---------- INFORMATION GIVEN ----------

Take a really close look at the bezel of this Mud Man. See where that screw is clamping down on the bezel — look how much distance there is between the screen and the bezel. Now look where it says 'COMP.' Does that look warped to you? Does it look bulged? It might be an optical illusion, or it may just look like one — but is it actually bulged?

----------
---------- INFORMATION GIVEN ----------

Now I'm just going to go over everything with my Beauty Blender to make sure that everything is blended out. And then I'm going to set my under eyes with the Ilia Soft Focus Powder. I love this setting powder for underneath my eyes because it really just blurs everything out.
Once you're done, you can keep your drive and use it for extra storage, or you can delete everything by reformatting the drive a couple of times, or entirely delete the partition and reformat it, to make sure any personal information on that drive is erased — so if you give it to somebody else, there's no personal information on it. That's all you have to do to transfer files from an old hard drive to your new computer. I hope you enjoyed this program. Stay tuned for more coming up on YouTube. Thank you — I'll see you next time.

----------

= EXERCISE OBJECTIVE =
Look through the records and copy every line that has the word "just".

= RESPONSE TO THIS EXERCISE =
Take a really close look at the bezel of this Mud Man. See where that screw is clamping down on the bezel — look how much distance there is between the screen and the bezel. Now look where it says 'COMP.' Does that look warped to you? Does it look bulged? It might be an optical illusion, or it may just look like one — but is it actually bulged?
Now I'm just going to go over everything with my Beauty Blender to make sure that everything is blended out. And then I'm going to set my under eyes with the Ilia Soft Focus Powder. I love this setting powder for underneath my eyes because it really just blurs everything out.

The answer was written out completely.